[Short descriptive text snippets]
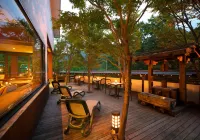 Hodakaso Yamano Hotel - Pools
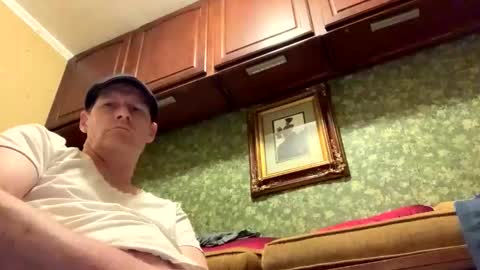 mcmickd online show from March 2026 04:57:02 AM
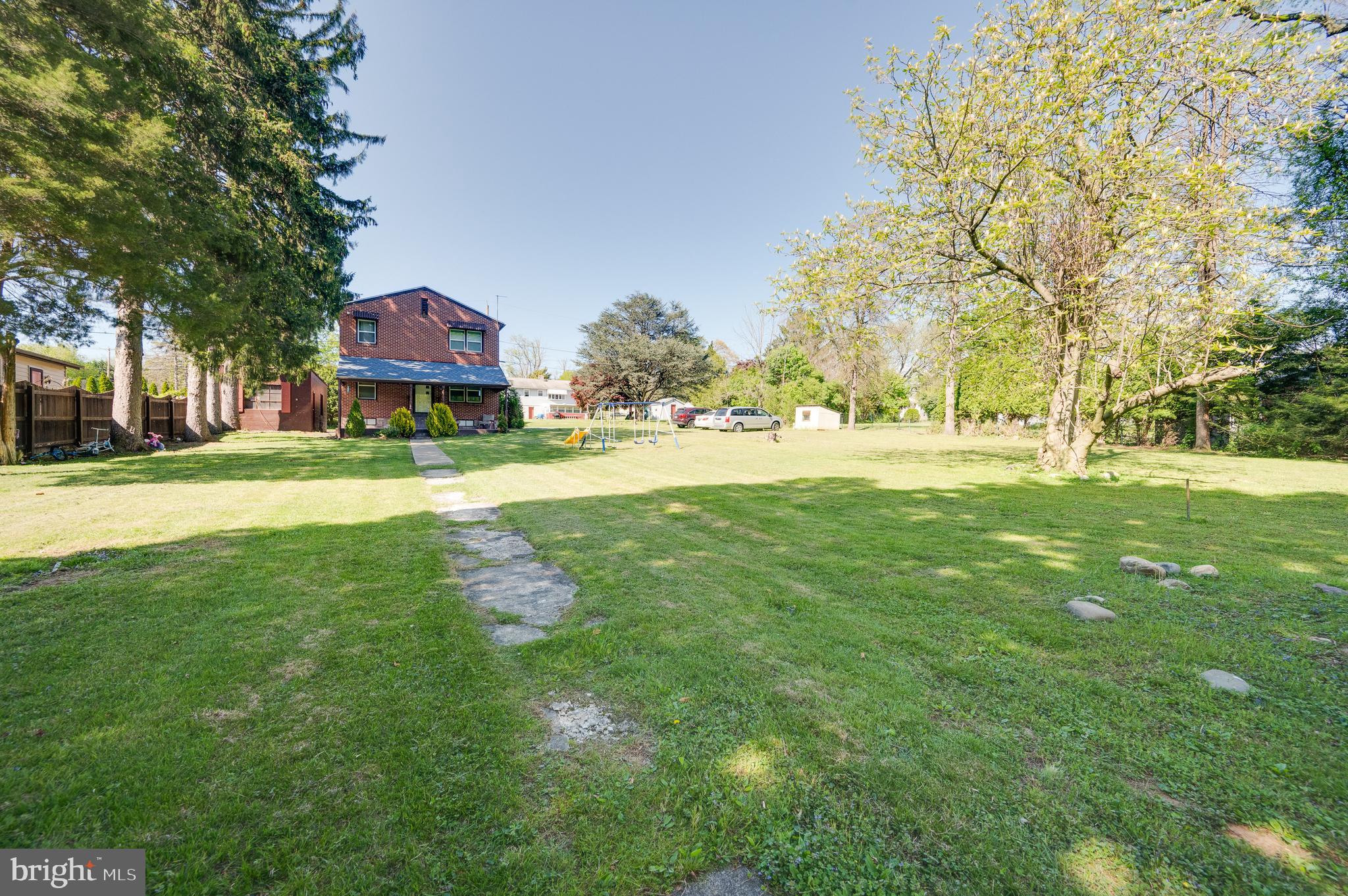 2355 River Road Reading, PA 19605 - Photo 29 of 35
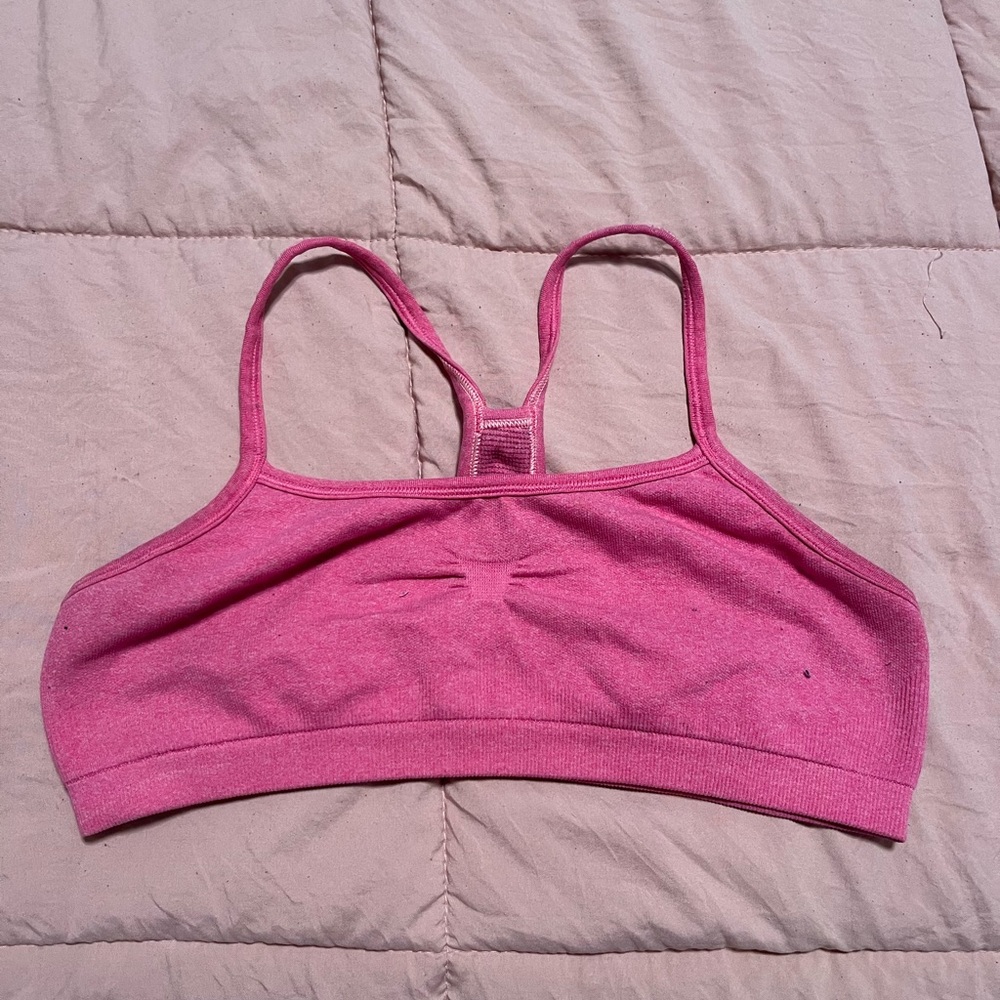 TWO PIECE BUNDLE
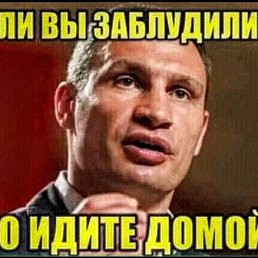 ���� ���������, ����, 41 ��� - ��������� 3 ������ 2020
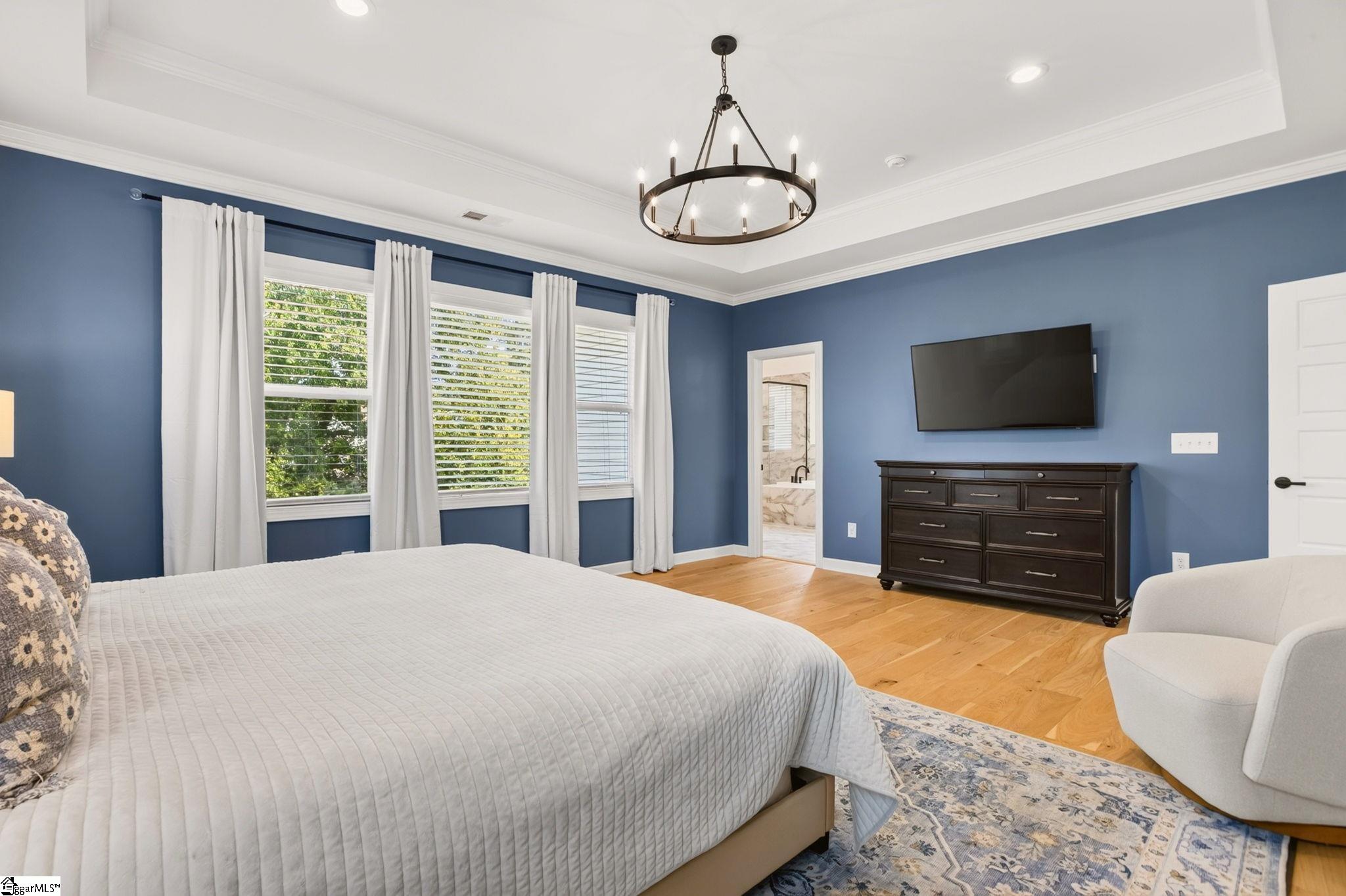 732 Enoree River Place Property Photo 19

### Problem details
Could the entries above be restated word for word, with the pictures left out?

### Result for this task
 Hodakaso Yamano Hotel - Pools
 mcmickd online show from March 2026 04:57:02 AM
 2355 River Road Reading, PA 19605 - Photo 29 of 35
 TWO PIECE BUNDLE
 ���� ���������, ����, 41 ��� - ��������� 3 ������ 2020
 732 Enoree River Place Property Photo 19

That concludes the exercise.